→ **DIRECTIONS**
Only the lines below starting at the one containing "Стъклокерамична готварска кухненска" and ending at the one containing "Imagem referente a" belong in the answer, each copied exactly.

*** SUPPLIED ENTRIES

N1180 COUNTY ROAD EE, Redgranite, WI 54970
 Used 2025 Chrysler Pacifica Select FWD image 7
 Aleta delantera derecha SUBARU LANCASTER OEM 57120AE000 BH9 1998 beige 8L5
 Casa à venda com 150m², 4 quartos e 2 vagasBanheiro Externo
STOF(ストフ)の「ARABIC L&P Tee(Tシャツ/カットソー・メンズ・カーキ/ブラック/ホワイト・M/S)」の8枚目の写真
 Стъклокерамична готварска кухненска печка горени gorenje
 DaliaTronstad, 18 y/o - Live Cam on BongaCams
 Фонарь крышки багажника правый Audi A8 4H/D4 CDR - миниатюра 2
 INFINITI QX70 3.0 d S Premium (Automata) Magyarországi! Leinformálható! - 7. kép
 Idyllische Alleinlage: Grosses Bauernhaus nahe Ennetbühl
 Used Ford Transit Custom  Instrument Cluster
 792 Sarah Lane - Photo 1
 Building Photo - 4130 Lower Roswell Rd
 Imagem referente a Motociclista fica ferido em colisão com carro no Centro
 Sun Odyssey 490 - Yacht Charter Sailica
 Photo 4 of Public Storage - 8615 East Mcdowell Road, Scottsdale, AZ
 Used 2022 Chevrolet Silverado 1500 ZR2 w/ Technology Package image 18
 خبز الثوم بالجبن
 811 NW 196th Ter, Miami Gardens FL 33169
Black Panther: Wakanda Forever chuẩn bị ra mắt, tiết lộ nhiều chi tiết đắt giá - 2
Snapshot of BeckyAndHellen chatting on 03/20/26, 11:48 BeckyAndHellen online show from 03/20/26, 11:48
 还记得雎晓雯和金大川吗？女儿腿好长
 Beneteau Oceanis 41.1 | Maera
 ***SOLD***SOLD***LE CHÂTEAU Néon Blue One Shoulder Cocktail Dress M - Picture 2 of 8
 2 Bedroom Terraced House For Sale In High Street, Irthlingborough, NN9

******

→ **ANSWER SPACE**
 Стъклокерамична готварска кухненска печка горени gorenje
 DaliaTronstad, 18 y/o - Live Cam on BongaCams
 Фонарь крышки багажника правый Audi A8 4H/D4 CDR - миниатюра 2
 INFINITI QX70 3.0 d S Premium (Automata) Magyarországi! Leinformálható! - 7. kép
 Idyllische Alleinlage: Grosses Bauernhaus nahe Ennetbühl
 Used Ford Transit Custom  Instrument Cluster
 792 Sarah Lane - Photo 1
 Building Photo - 4130 Lower Roswell Rd
 Imagem referente a Motociclista fica ferido em colisão com carro no Centro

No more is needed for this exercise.